RELATED PARTY TRANSACTION

 

   On June 20, 2005, the Company announced that it was restructuring its relationship with Prospector Partners LLC (“Prospector”) and John Gillespie, Prospector’s founder and managing member. Under the revised arrangement, Prospector will manage White Mountains’ common equity portfolios pursuant to an investment advisory agreement and will advise White Mountains on matters including capital management, asset allocation, private equity investments and mergers and acquisitions pursuant to a consulting agreement.

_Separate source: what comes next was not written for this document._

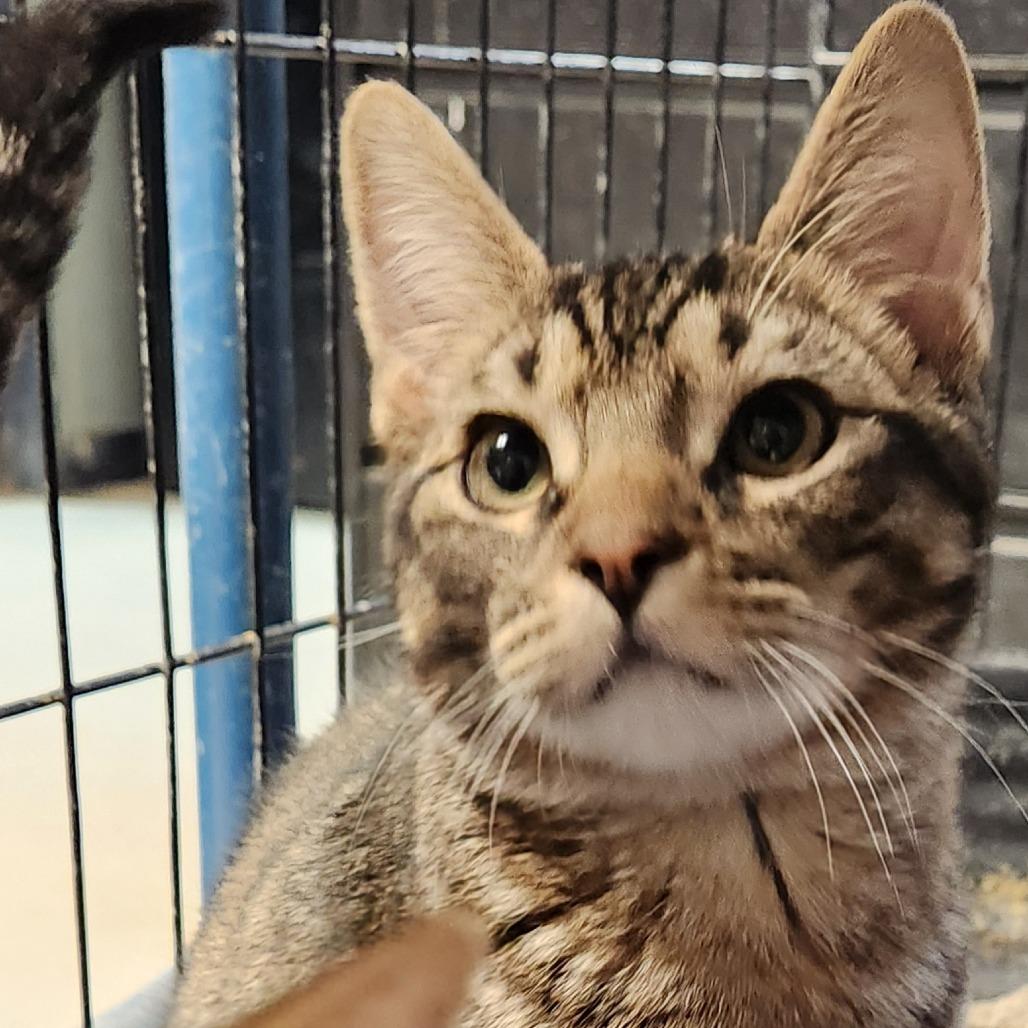 Enlarge Anakin K46308, a Adoptable Domestic Short Hair in Corsicana, TX image 3/3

   In addition, the revenue sharing arrangement that was established in June 2001, and amended and restated on January 1, 2003, between Prospector and Fund American is also being terminated.

   Mr. Gillespie remains a director of White Mountains, but is no longer be Deputy Chairman of the Board. In addition, three other WM Advisors equity professionals will no longer be employees of White Mountains.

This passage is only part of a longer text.